Penanggung Jawab Isu Gender dan Kelompok Rentan di LBH Padang, Anisa Hamda, menilai kejadian itu mencerminkan praktik reviktimisasi yang serius. Menurutnya, hal itu menjadi bukti kegagalan sistem pendidikan dalam memberikan perlindungan terhadap korban kekerasan seksual.
“Korban justru dikeluarkan dari sekolah tanpa alasan yang jelas, padahal ia sedang berjuang mencari keadilan. Ini bukan hanya pengabaian terhadap hak anak, tapi bentuk kekerasan baru yang dilakukan oleh institusi yang seharusnya melindunginya,” ujar Anisa pada Rabu (14/5).
Anisa menyoroti bahwa peristiwa itu tidak bisa dipandang sebagai kasus terpisah, tetapi mencerminkan kegagalan sistemik dalam menangani kekerasan seksual di lingkungan pendidikan. Ia menegaskan bahwa berbagai regulasi nasional dan internasional telah mengatur perlindungan terhadap anak sebagai korban kekerasan seksual, namun penerapannya masih lemah.
“Undang-Undang Perlindungan Anak, Undang-Undang Tindak Pidana Kekerasan Seksual, sampai Permendikbudristek tentang Penanganan Kekerasan di Sekolah semuanya memberi mandat jelas. Tapi, sekolah memilih bungkam dan negara abai,” kata Anisa.
Ia juga menyinggung pentingnya Konvensi Hak Anak (CRC) yang telah diratifikasi Indonesia pada 1990.
“Negara berkewajiban menempatkan kepentingan terbaik anak sebagai prioritas. Namun, dalam kasus ini, korban justru disingkirkan,” tuturnya.
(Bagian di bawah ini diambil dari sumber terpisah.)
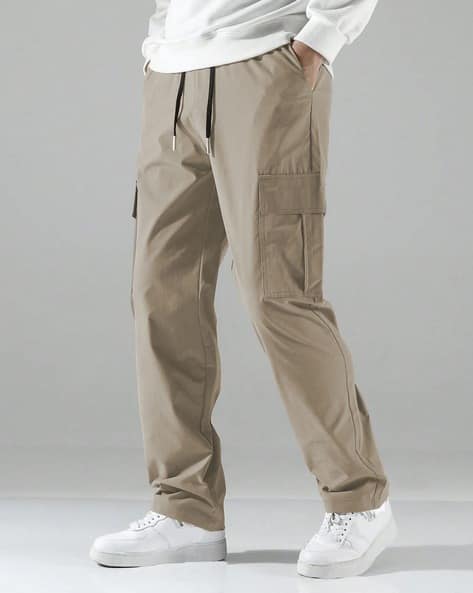 Men Relaxed Fit Flat-Front Cargo Pants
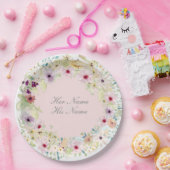 Tiny Spring Flower Wedding Papieren Bordje (Feest)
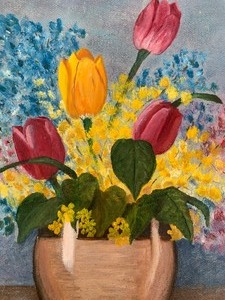 lot 136 image: Pretty Original Floral Painting on Canvas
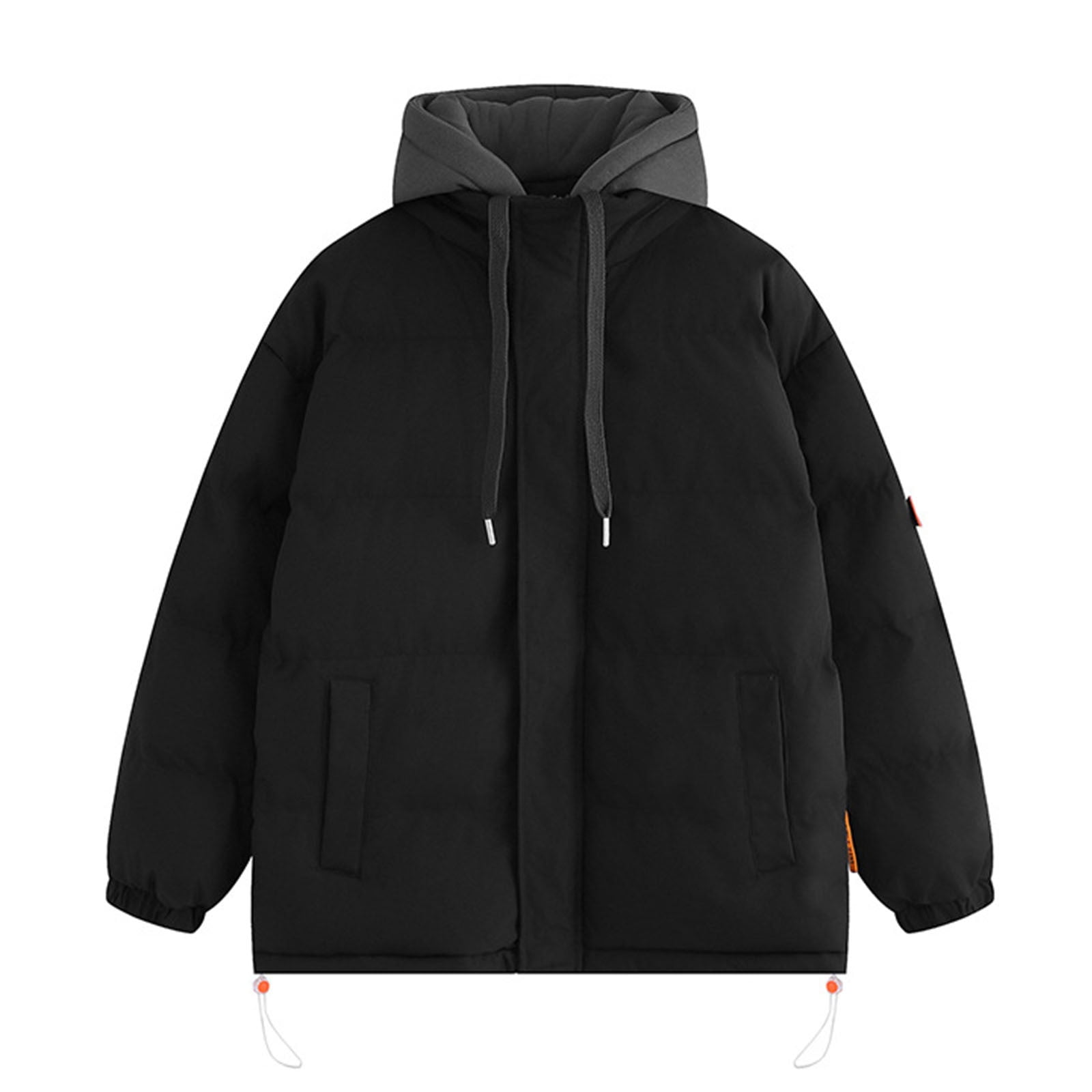 Hooded Puffer Collusion Unisex Puffer Jacket In Black Htigea Plus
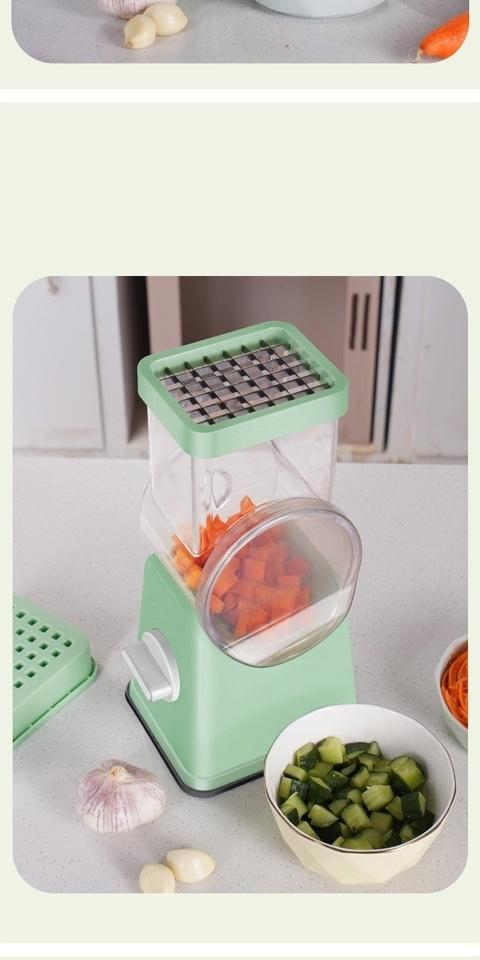 Tekinor Rotary Grater with Handle, 6 Well-Designed Blades, Strong Suction Cup Base, Vegetable Grater & Mandoline Slicer - Kitchen Utensils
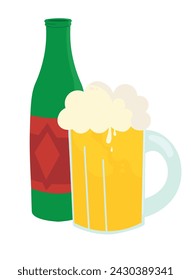 vector illustration of beer mug and bottle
LBH Padang, kata Anisa Hamda, mendesak semua institusi terkait untuk segera bertindak. Ia mengatakan bahwa Polres Pariaman harus membuka penyelidikan secara profesional, transparan, dan melindungi korban serta saksi. Ia juga meminta Dinas Pendidikan Padang Pariaman dan Dinas Pendidikan Sumbar untuk mengembalikan hak pendidikan korban, serta mengevaluasi dan memberikan sanksi terhadap pihak sekolah yang bertindak diskriminatif. Selain itu, ia meminta Kementerian PPPA untuk menyediakan pendampingan hukum dan psikososial, serta menjamin perlindungan penuh kepada korban.